··· DATA SUPPLIED ···
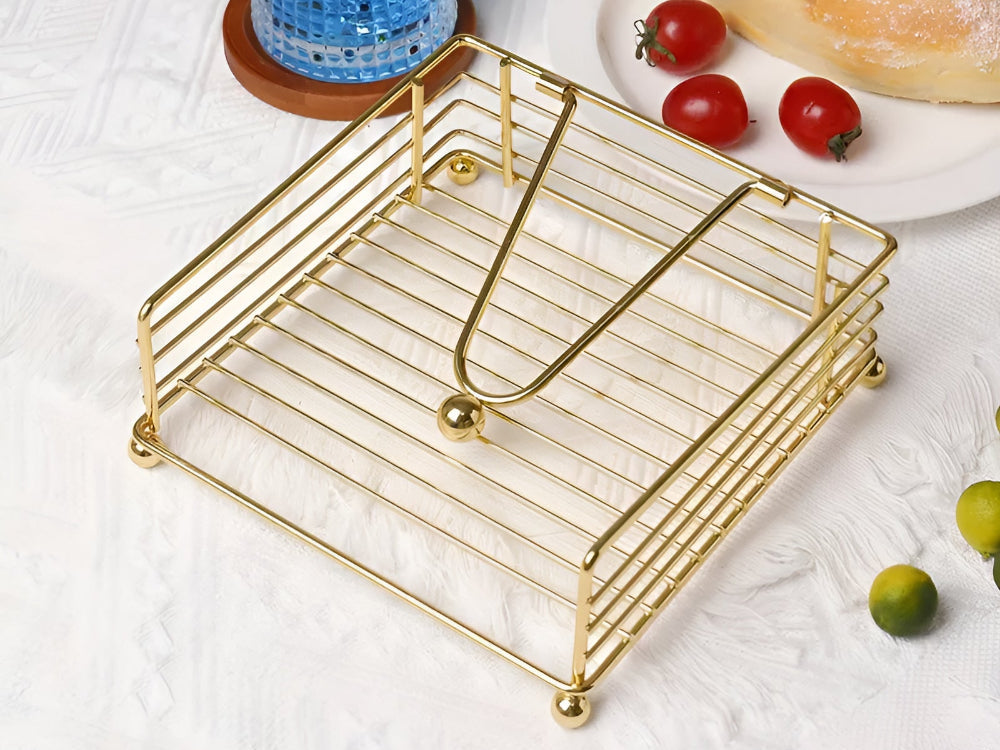 Gold wire napkin holder on a breakfast table
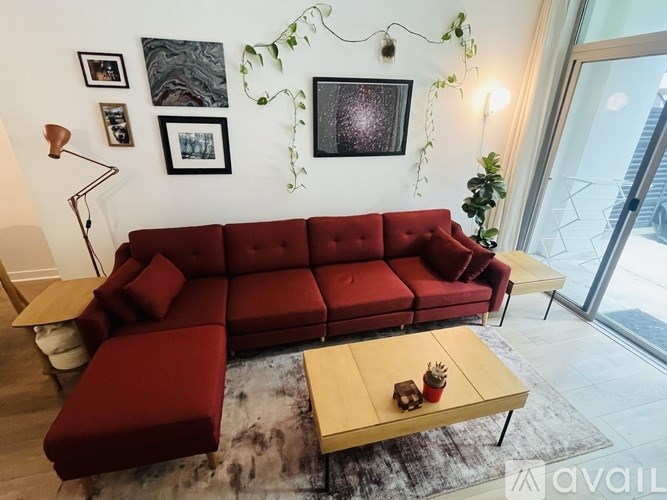 A red sofa with a wooden coffee table in front of it.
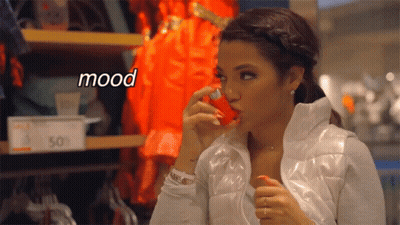 A Woman In A White Jacket Is Holding A Red Object In Her Mouth And The Word Mood Is Above Her GIF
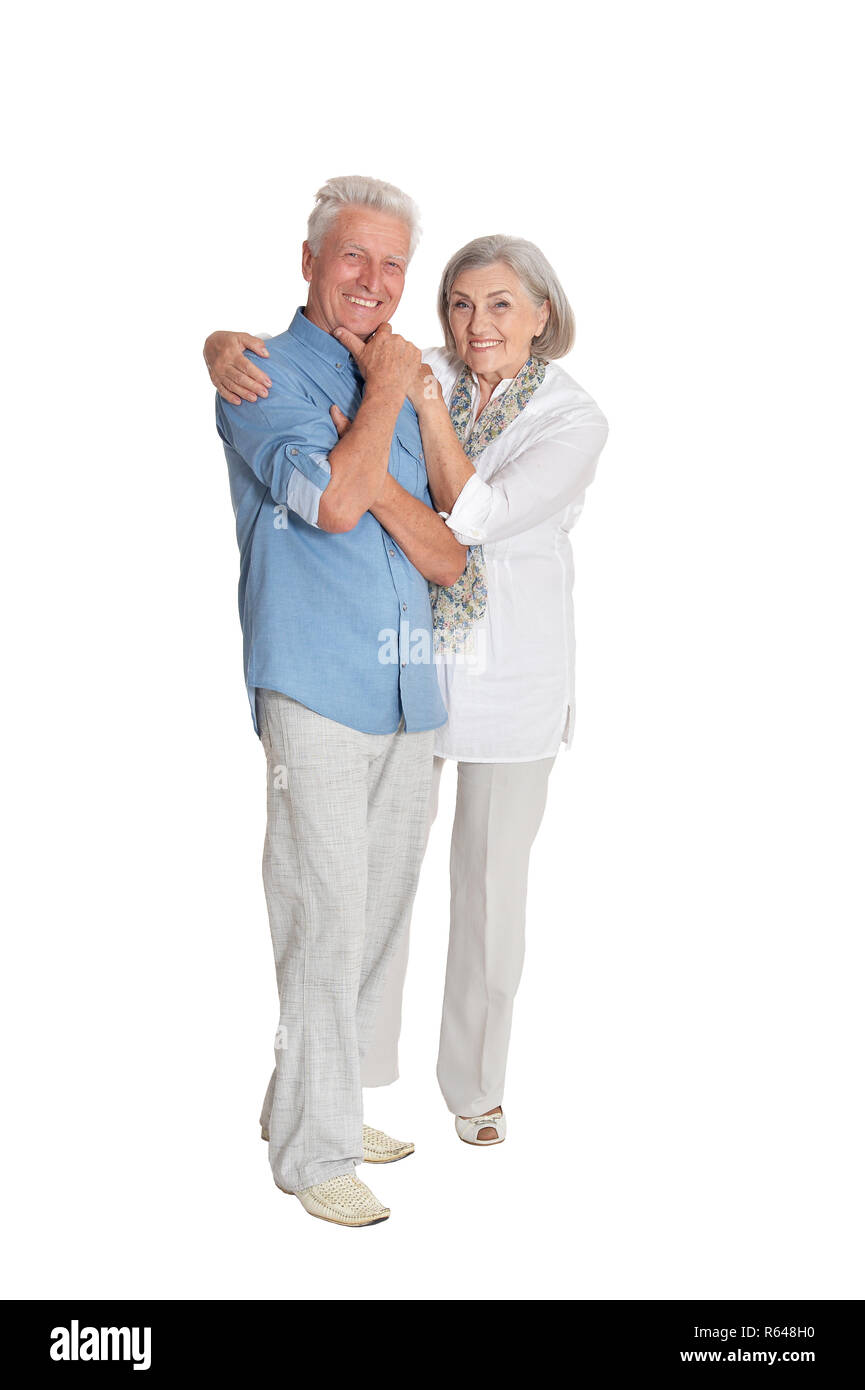 Happy senior couple posing isolated on white background Stock Photo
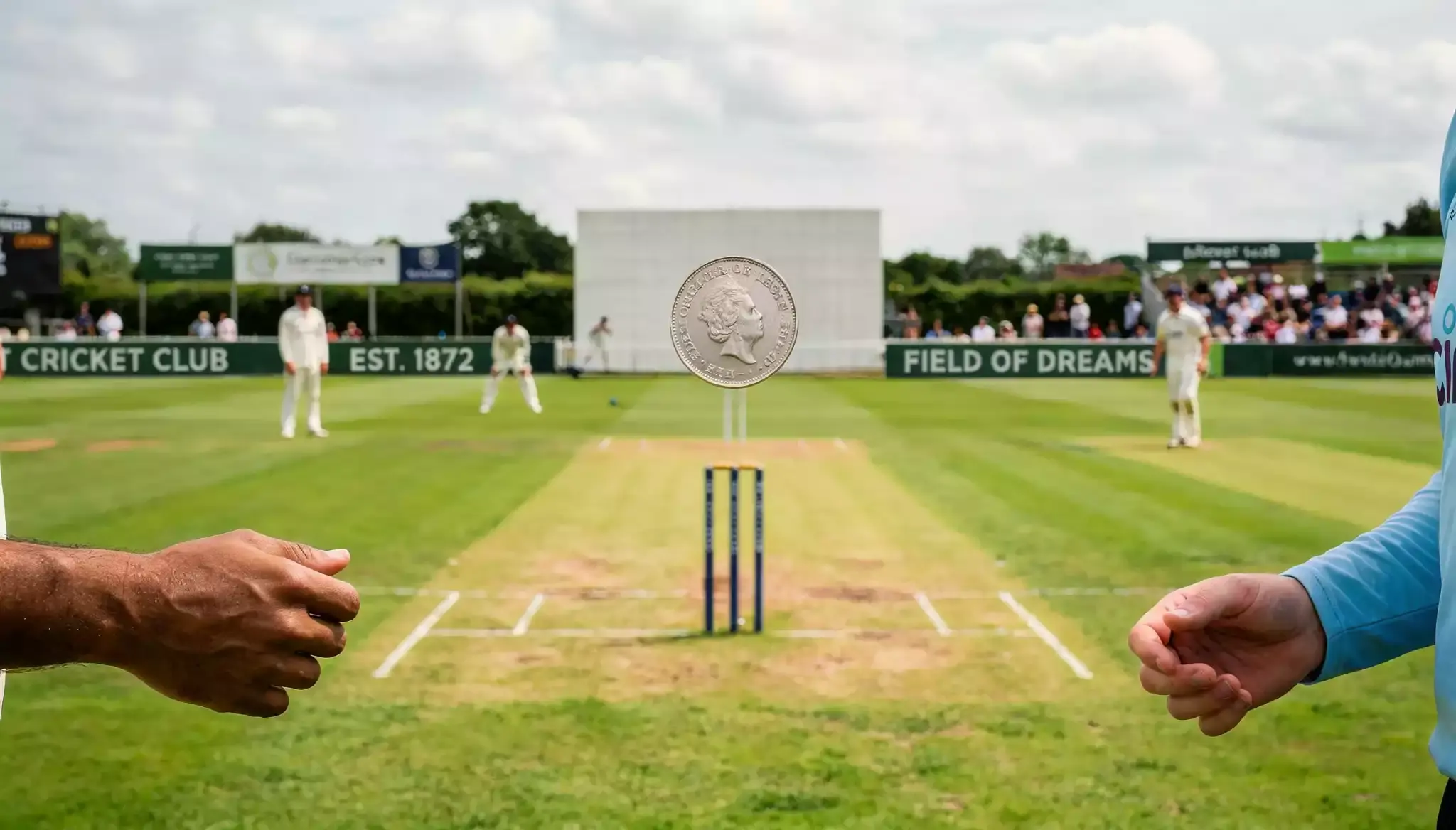 Silver coin spinning in mid-air during a cricket toss with pitch in background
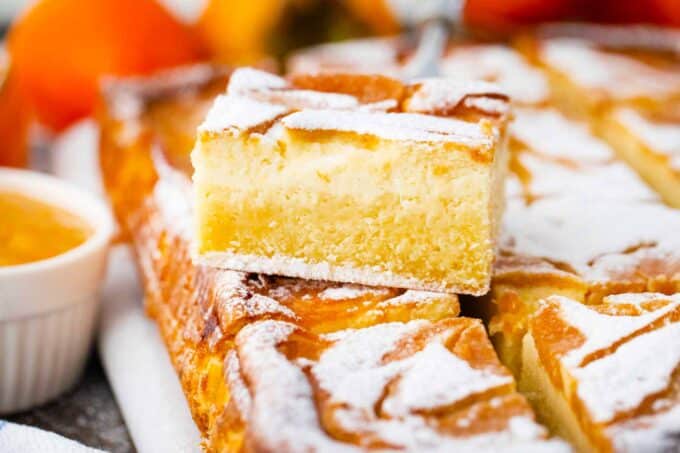 persimmon cheesecake pound cake bars topped with powdered sugar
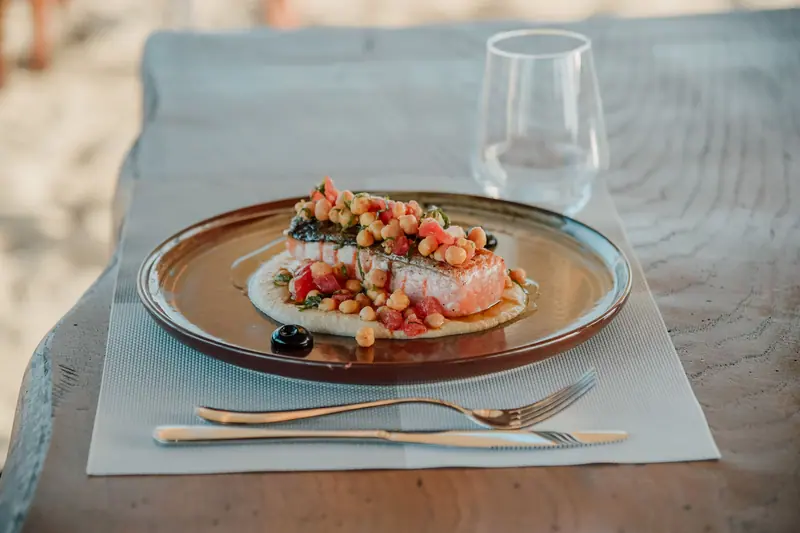 Salmon with garden tomatoes at supper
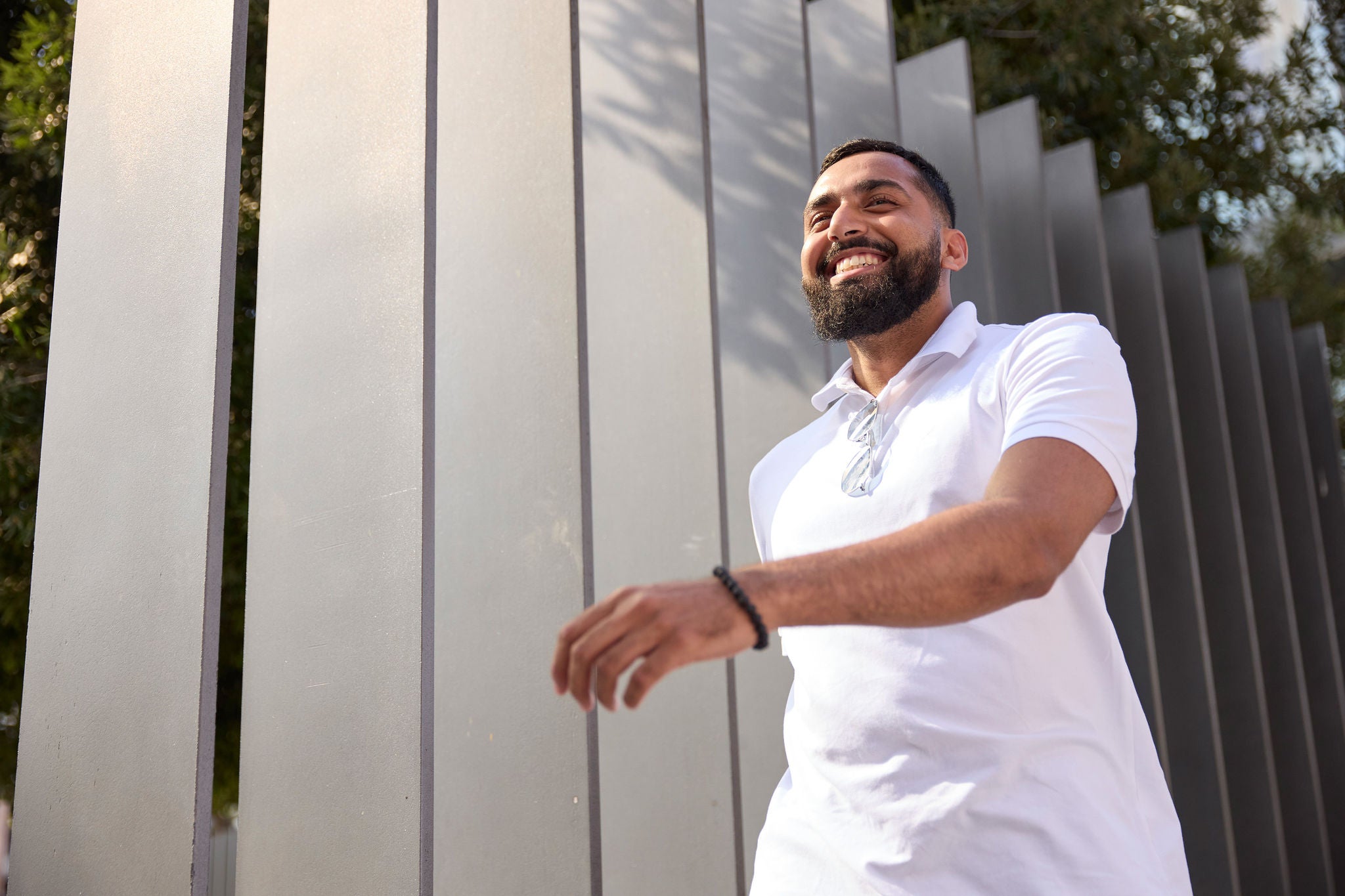 Person walking past a fence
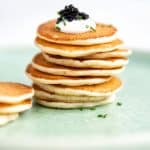 Stack of blini pancakes topped with sour cream and caviar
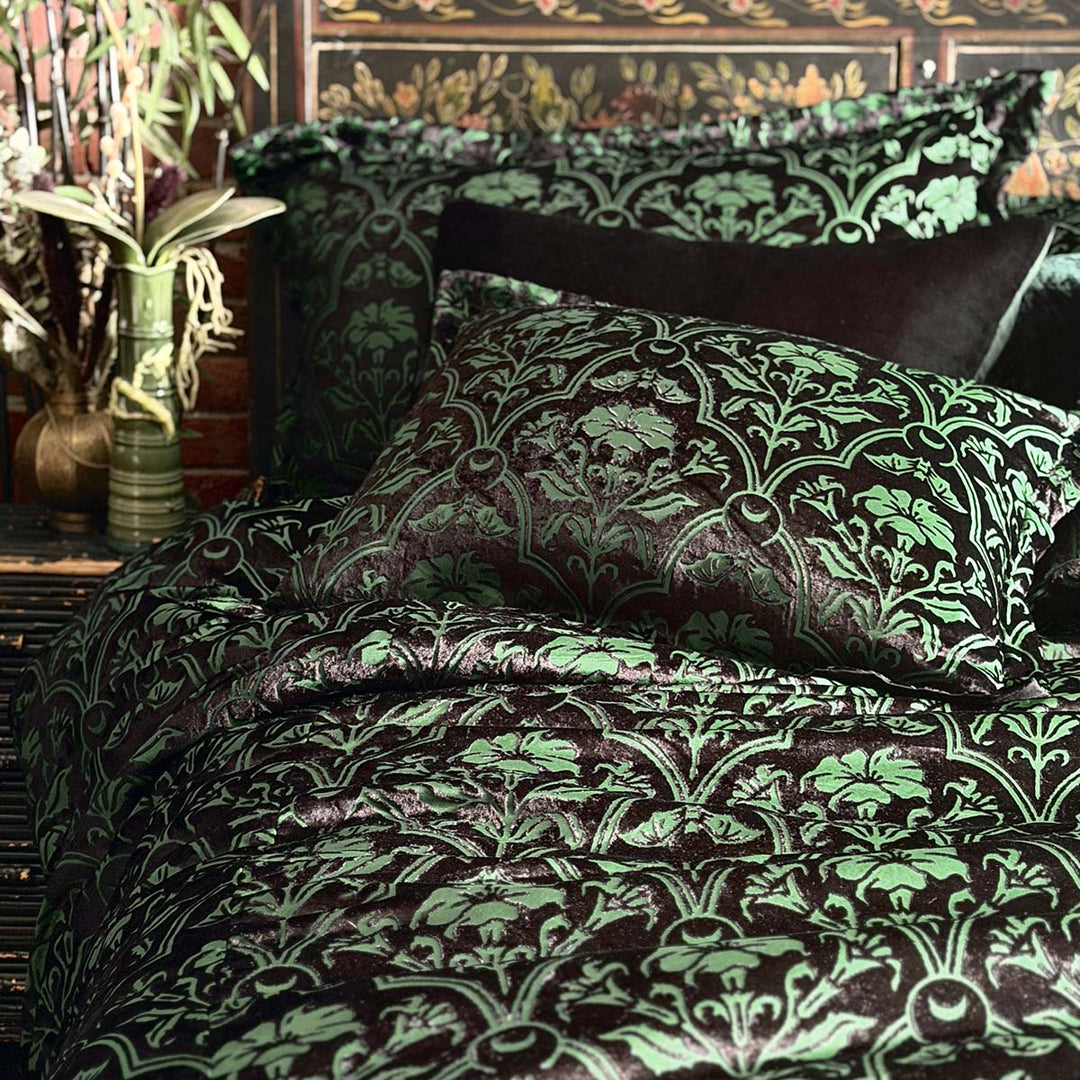 Sin in Linen's Velvet Datura bedding. Green gothic botanical pattern featuring datura blooms and bats in a flocked velvet design. Dark, witchy decor.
···
## EXERCISE DETAILS
Copy out the entries above in full and exactly, skipping every picture.

## TASK SOLUTION
 Gold wire napkin holder on a breakfast table
 A red sofa with a wooden coffee table in front of it.
 A Woman In A White Jacket Is Holding A Red Object In Her Mouth And The Word Mood Is Above Her GIF
 Happy senior couple posing isolated on white background Stock Photo
 Silver coin spinning in mid-air during a cricket toss with pitch in background
 persimmon cheesecake pound cake bars topped with powdered sugar
 Salmon with garden tomatoes at supper
 Person walking past a fence
 Stack of blini pancakes topped with sour cream and caviar
 Sin in Linen's Velvet Datura bedding. Green gothic botanical pattern featuring datura blooms and bats in a flocked velvet design. Dark, witchy decor.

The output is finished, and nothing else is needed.